I've been meaning to start breeding meat rabbits, but I'm stuck on what breed I should start with. I was thinking maybe like some red or black new zealands? Should I get some of one breed and some of another? I have a retired grand champion mini lop, maybe I could breed some of some meat breed to her, make a nice mutt. How many should I start with?


----------



## brentr (Mar 12, 2013)

Research the meat breeds and determine which one(s) suit your need, area, and interests best.  I don't know much about lops, but I do breed meat rabbits (I have Cali, Silver Fox, NZ) that I like.  Within that mix I can get purebred litters (my SF are pedigreed) and to sell or eat and hybrids destined straight for the freezer.

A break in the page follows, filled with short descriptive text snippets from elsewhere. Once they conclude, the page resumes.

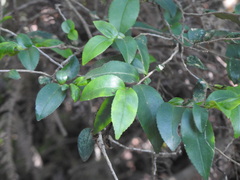 Theaceae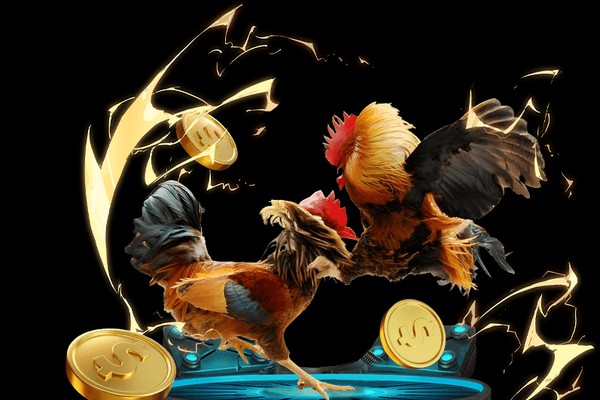 Đá gà trực tiếp SCV388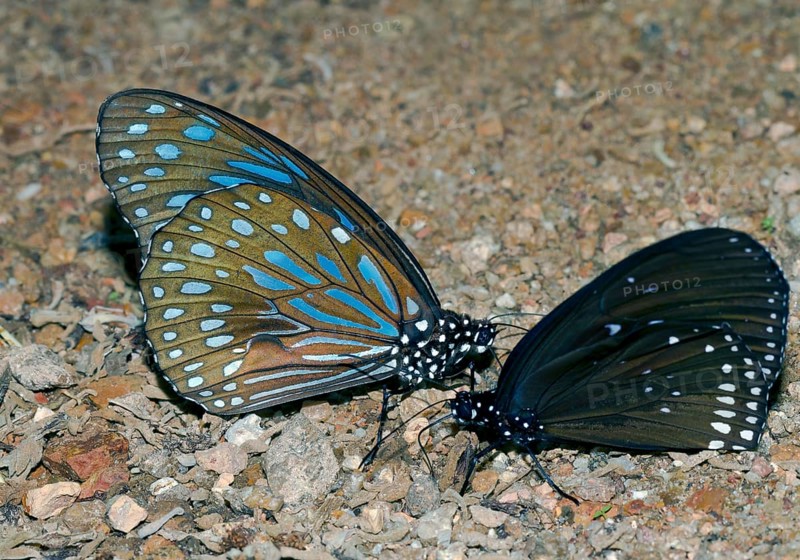 Blue glassy tiger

Most people start with a trio - two does and a buck.  Expand after you get the hang of what you want to do and how you want to do it.


----------



## shan777 (Mar 13, 2013)

I like New Zealand Whites also as they usually make good Mums and a good all round Meat Rabbit.
I also mix in Californians. 
These two are considered the best for Meat Rabbitries, but there are plenty other breeds that are great too.


----------



## natem (Apr 5, 2013)

I like NZ with color. They seem to be healthier for some reason. They make great moms too! I wouldnt recomend breeding a large breed to a mini lop. That will create pregnancy problems


----------



## natem (May 9, 2013)

You cant go wrong with a New Zealand. Whites are the biggest of the NZ's and tend to be cheaper. I have been searching for a long time for NZ Reds with no luck. If you can get your hands on some, get them. You can make a killing selling their offspring as breeding stock ($40 each or more)


----------



## RamblingCowgirl (Jul 15, 2013)

I'm no rabbit junkie but my hubby is. He used all types of mutts in the past. And was a fan of a mini lop cross {mini lop, not those tiny Holland lops. Right before we got together most of his breeding stock died of old age. Now we have a large brown mutt buck, a NZ buck, and 3 does. 
I'm a fan of crosses because I like wild colors, and I will be using the pelts for art. I'd love to add some Silver Fox rabbits at some point as I'm also a fan of the rarer breeds. And some colored NZ stock.... before I came along DH was just thinking of meat, but now I've got him thinking of sales and breeding stock in a whole new light. We look forward to playing around with breeds and crosses, but I'm sure NZs will be at the heart of our program for years to come.


----------